Nadir toprak elementleri (NTE), son dönemlerdeki küresel ticaret savaşları ile birlikte yeniden dikkat çekiyor. Türkiye, bu bağlamda önemli bir kaynak olarak öne çıkarken, ABD ve Çin arasındaki teknolojik ve ekonomik çekişme NTE üzerinden yoğunlaşmakta. Bu pazarın ortasında Türkiye, kritik bir konumda yer alıyor.
Türkiye Madenciler Derneği (TMD) Başkanı Mehmet Yılmaz, Eskişehir Beylikova’da ortaya çıkan NTE kaynağının ülke için yeni bir dönemin başlangıcını simgelediğini belirtti. Yılmaz, “Beylikova sahasının, dünya çapında bir üretim merkezi haline gelmemesi için hiçbir sebep yok.” dedi.
Dünyada İkinci Büyük Rezerv
Beylikova’daki sahanın, Çin’deki Bayan Obo alanından sonra dünyanın en büyük ikinci NTE rezervine sahip olduğu ifade ediliyor. Sahada, teknoloji üretiminde büyük öneme sahip 10 farklı nadir toprak elementinin bulunduğu tespit edildi. Bu değerli madenlerin, yalnızca çıkarılması değil, Türkiye’de kurulacak tesislerde işlenerek katma değeri yüksek ürünlere dönüştürüleceği belirtiliyor. Hedef, Türkiye’yi nadir toprak elementleri üretiminde dünyanın ilk beş ülkesi arasına sokmak.
Kullanım Alanları
Nadir toprak elementleri, Türkiye’nin madencilik tarihinde stratejik bir keşif olarak değerlendiriliyor. Bu elementler, yenilenebilir enerji teknolojilerinden akıllı füzelere, uydu iletişiminden yakıt hücrelerine, elektrikli araçlardan enerji depolama sistemlerine kadar birçok alanda kullanılıyor. NTE’lerin işlenmesi ve ihracatı, Türkiye ekonomisine milyarlarca dolarlık katkı sağlayabilir.

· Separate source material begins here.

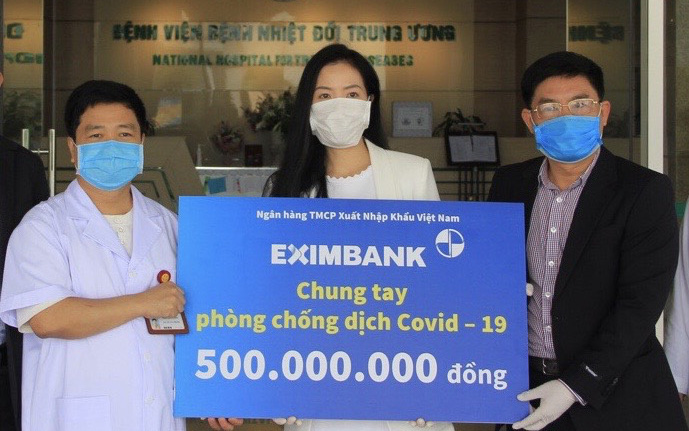 Eximbank tiếp tục ủng hộ 500 triệu đồng tiếp sức cho BV Bệnh Nhiệt đới Trung ương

Stratejik Bağımsızlık Adımı
TMD Başkanı Yılmaz, Türkiye’nin sahip olduğu nadir toprak elementleri potansiyelinin ülkenin ekonomik ve teknolojik gücü açısından kritik olduğunu vurguladı. Beylikova’da 700 milyon tonluk bir NTE cevheri varlığı tespit edildi. Yılmaz, öncelikli aşamanın, ulusal standartlara uygun raporlamaların yapılması ve fizibilite sürecinin tamamlanması olduğunu kaydetti. Bu işlemler tamamlandığında, Beylikova’nın dünya genelinde bir üretim merkezi haline gelmesi kaçınılmaz görünüyor.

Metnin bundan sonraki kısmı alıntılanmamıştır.